• **Work instruction**: Would you transcribe the whole listing exactly and drop its images?

[Dataset entries Boundary: Start]

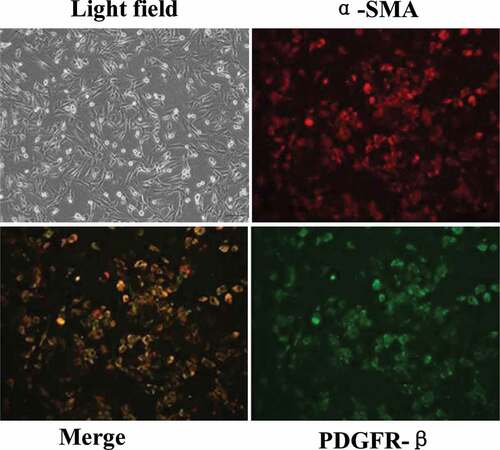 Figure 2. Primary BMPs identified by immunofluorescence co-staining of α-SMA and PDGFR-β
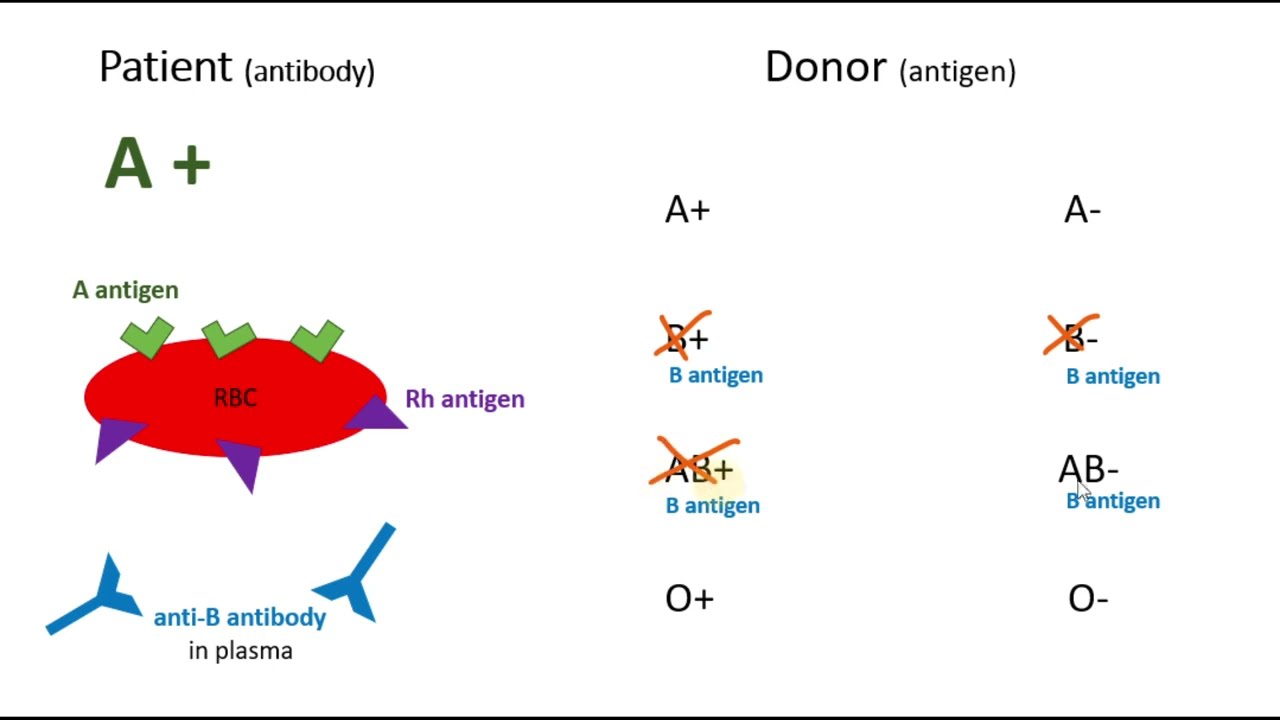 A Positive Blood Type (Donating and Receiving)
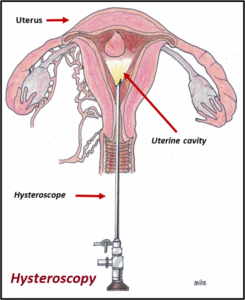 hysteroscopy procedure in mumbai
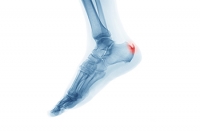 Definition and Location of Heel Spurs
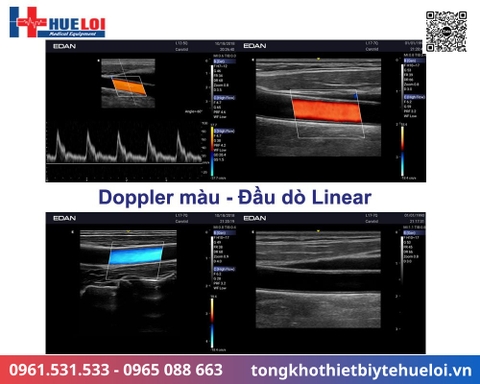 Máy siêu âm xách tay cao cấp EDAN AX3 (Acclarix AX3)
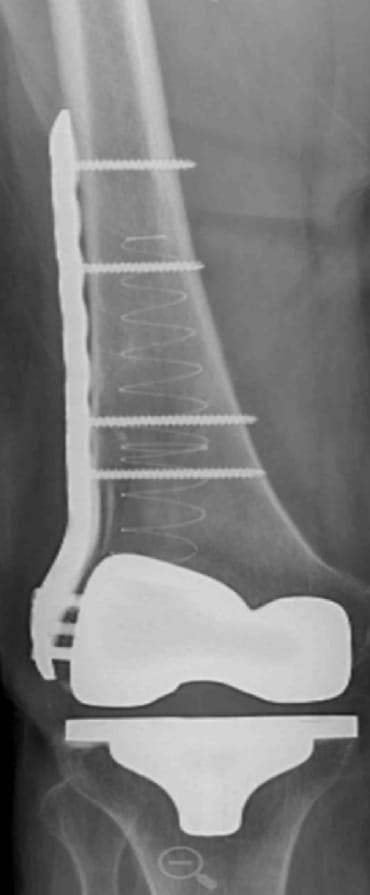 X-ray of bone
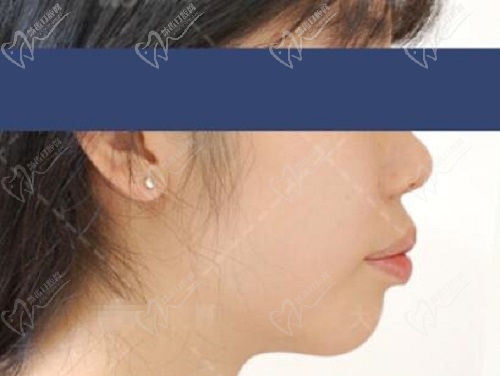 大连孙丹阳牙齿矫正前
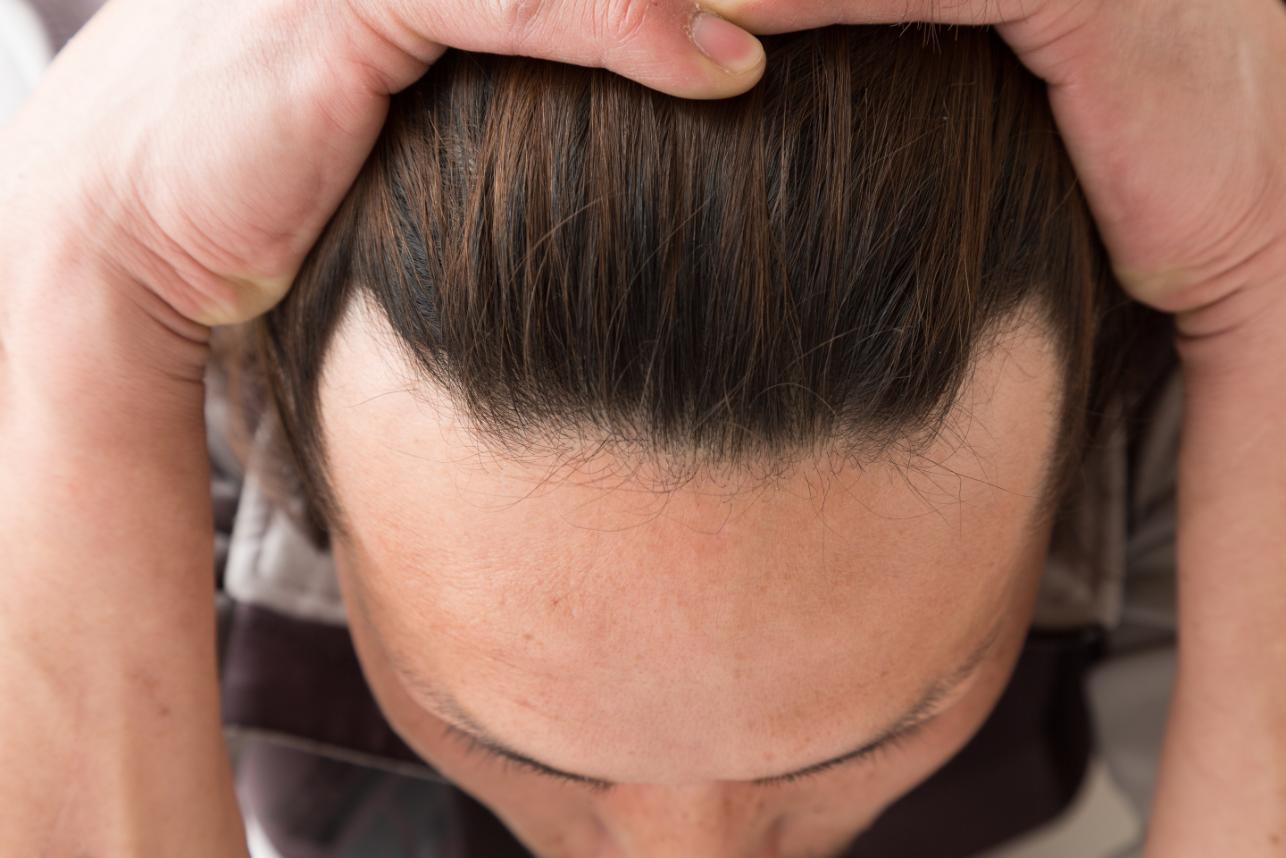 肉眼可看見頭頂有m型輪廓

[Dataset entries Boundary: End]

• **Completed exercise**:
 Figure 2. Primary BMPs identified by immunofluorescence co-staining of α-SMA and PDGFR-β
 A Positive Blood Type (Donating and Receiving)
 hysteroscopy procedure in mumbai
 Definition and Location of Heel Spurs
 Máy siêu âm xách tay cao cấp EDAN AX3 (Acclarix AX3)
 X-ray of bone
 大连孙丹阳牙齿矫正前
 肉眼可看見頭頂有m型輪廓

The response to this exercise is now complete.